When Databricks officially entered the security market in late March 2026 with Lakewatch, it was not just another product launch. The message behind it was far more direct. Databricks is openly challenging the structure of the existing SIEM market, arguing that traditional models are becoming too expensive, too limited, and increasingly misaligned with how modern threats actually evolve.
This criticism is not entirely new, but the clarity and positioning are. Databricks explicitly points out that many organizations are forced to discard large portions of their security data. Not because the data lacks value, but because the cost of ingesting and storing it within traditional SIEM platforms is too high. Pricing models based on data volume create a structural trade-off. The more visibility you want, the more expensive it becomes.
A senior security engineer at a global enterprise describes the situation in simple terms. Security teams are not optimizing for maximum visibility, but for what is financially sustainable. As a result, data is filtered, reduced, or not collected at all. The problem becomes visible when dealing with more complex or non-standard attack patterns, where missing context can significantly impact detection and response.
This is where Lakewatch positions itself differently. Rather than presenting itself as a traditional SIEM, Databricks frames it as an open, data-centric security architecture. The idea is straightforward but strategically significant. Instead of pushing security data into a specialized tool, security becomes a use case on top of an existing data platform. Logs, events, and telemetry are analyzed alongside IT and business data within a unified environment.
A CTO at a technology company sees this as a notable shift in perspective. Security has historically operated in isolation, with dedicated tools, data pipelines, and cost structures. Moving security into a central data platform changes that dynamic. It allows organizations to correlate technical events with business context more effectively. At the same time, it raises new questions around access control, governance, and data ownership.
Another aspect emphasized by Databricks is openness. Traditional SIEM platforms often rely on proprietary data formats and tightly controlled ecosystems. Lakewatch, in contrast, promotes open standards and flexible integration across multiple data sources. This is not only a technical choice but also a strategic positioning. Organizations are encouraged to build their own security architecture rather than being locked into a single vendor’s model.
An industry analyst notes that this approach introduces both opportunities and challenges. Open platforms offer greater flexibility but also require a higher level of internal expertise. Organizations need to understand how their data is structured, how analytics are applied, and how the platform itself is secured. Responsibility shifts from using a predefined tool to actively designing and maintaining a security architecture.
Lakewatch also introduces a strong focus on what Databricks describes as agentic attackers. The argument is that the threat landscape is evolving toward more autonomous, adaptive attack methods. These attacks do not follow static patterns and can change behavior in real time. Traditional detection mechanisms, which often rely on known signatures or predefined correlations, may struggle to keep up.
A researcher in threat intelligence highlights that modern attack campaigns are becoming increasingly dynamic. Instead of following predictable sequences, attackers adjust their methods based on the environment. Detecting such activity requires a broader and more contextual data foundation. The more data available, the better the ability to identify subtle anomalies. This is where Databricks positions its core strength, the ability to process large volumes of data and analyze them in near real time.

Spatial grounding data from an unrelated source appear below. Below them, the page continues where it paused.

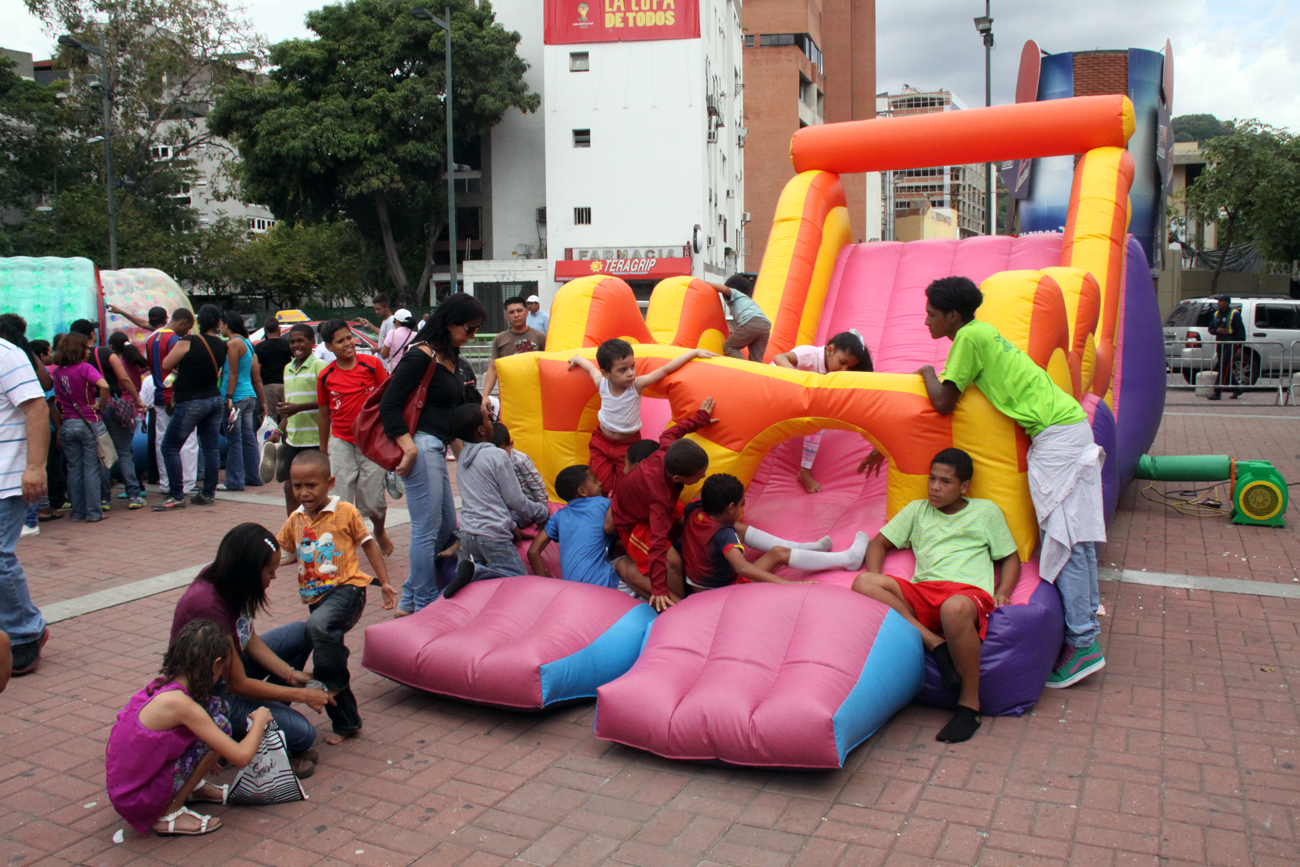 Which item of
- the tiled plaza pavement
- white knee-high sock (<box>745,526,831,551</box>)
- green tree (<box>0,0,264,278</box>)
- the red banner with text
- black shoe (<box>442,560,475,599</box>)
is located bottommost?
the tiled plaza pavement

At the same time, questions remain about how well this model integrates into existing security operations. A senior consultant in security operations points out that many SOCs are built around structured workflows. Alerts are generated, triaged, and investigated in a defined sequence. Shifting to a data-driven model may require significant changes in how these processes are designed and executed.

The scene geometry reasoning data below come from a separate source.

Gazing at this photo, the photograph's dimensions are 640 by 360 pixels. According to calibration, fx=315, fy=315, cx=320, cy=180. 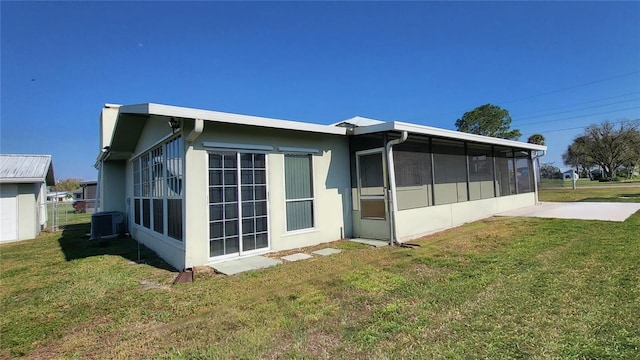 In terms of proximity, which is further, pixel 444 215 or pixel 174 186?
pixel 444 215

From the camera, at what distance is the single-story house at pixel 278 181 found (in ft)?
19.2

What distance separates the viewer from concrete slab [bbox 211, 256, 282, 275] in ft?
17.9

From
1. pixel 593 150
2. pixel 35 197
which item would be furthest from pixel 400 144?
pixel 593 150

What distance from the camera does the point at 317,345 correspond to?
286 cm

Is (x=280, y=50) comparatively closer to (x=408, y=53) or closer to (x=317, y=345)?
(x=408, y=53)

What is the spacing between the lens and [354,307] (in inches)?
147

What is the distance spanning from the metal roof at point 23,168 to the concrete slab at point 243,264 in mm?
11095

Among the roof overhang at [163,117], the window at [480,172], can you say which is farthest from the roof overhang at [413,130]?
the window at [480,172]

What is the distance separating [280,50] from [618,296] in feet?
40.1

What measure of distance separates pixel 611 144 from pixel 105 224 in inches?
2351

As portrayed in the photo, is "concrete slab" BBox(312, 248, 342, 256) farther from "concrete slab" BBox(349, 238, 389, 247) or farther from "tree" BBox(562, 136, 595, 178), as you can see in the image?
"tree" BBox(562, 136, 595, 178)

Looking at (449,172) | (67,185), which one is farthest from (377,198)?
(67,185)

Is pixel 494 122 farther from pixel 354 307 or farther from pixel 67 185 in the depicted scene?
pixel 67 185

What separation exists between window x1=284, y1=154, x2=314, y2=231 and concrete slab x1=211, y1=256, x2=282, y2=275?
1209 millimetres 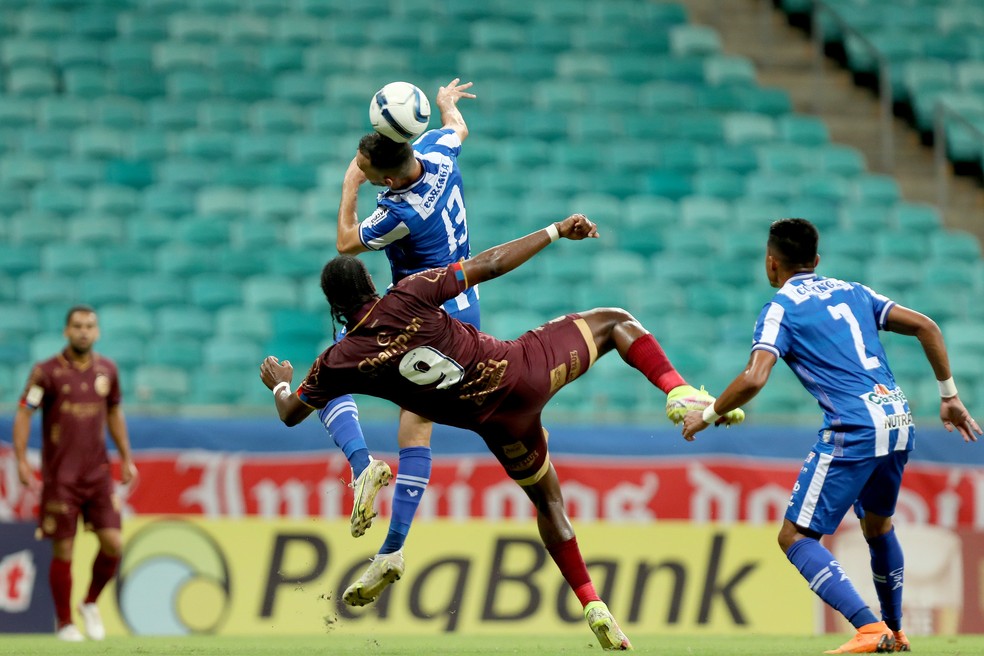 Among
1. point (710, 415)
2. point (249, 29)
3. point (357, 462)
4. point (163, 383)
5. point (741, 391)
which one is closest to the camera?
point (741, 391)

From a broader perspective, the strategic implication is what makes this development particularly interesting. Databricks is not a traditional security vendor. Its core business lies in data and AI. By entering the SIEM space, it challenges the assumption that security platforms must originate from within the security industry itself. The key question is not only whether Lakewatch delivers technically, but whether it signals a shift in how SIEM is fundamentally defined.

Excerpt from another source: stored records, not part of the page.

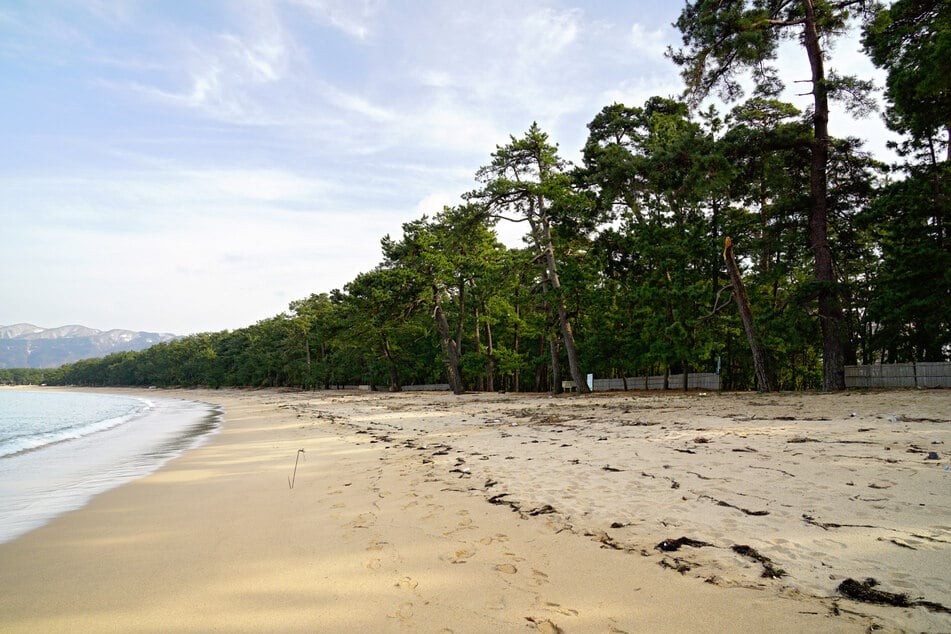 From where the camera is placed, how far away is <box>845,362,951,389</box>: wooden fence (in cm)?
1516

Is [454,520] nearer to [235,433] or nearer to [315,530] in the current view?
[315,530]

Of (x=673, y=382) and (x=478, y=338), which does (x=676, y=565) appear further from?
(x=478, y=338)

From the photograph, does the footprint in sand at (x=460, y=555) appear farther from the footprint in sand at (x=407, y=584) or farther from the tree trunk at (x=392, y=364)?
the tree trunk at (x=392, y=364)

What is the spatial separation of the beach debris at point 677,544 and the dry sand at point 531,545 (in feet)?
0.07

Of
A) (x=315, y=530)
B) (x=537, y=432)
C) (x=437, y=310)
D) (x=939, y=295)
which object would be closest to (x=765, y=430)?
(x=537, y=432)

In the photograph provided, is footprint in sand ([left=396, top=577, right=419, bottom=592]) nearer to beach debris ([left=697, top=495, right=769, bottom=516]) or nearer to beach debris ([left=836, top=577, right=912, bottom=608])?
beach debris ([left=836, top=577, right=912, bottom=608])

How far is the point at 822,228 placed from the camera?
51.2 feet

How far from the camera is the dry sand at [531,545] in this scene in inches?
102

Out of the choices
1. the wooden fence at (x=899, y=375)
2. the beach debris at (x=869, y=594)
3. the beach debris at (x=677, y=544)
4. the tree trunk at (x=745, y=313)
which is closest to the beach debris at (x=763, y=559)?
the beach debris at (x=677, y=544)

Will SIEM remain a specialized security tool, or will it evolve into a layer built on top of general-purpose data platforms. Databricks is clearly betting on the latter. The argument centers on more data, lower cost, richer context, and tighter integration between security and business analytics.
Whether this approach gains traction will depend less on the underlying technology and more on the willingness of organizations to rethink their existing models. What is already clear is that the conversation is changing. When a major data platform provider begins to treat security as a core workload, it suggests that the boundaries between data analytics and security are starting to dissolve.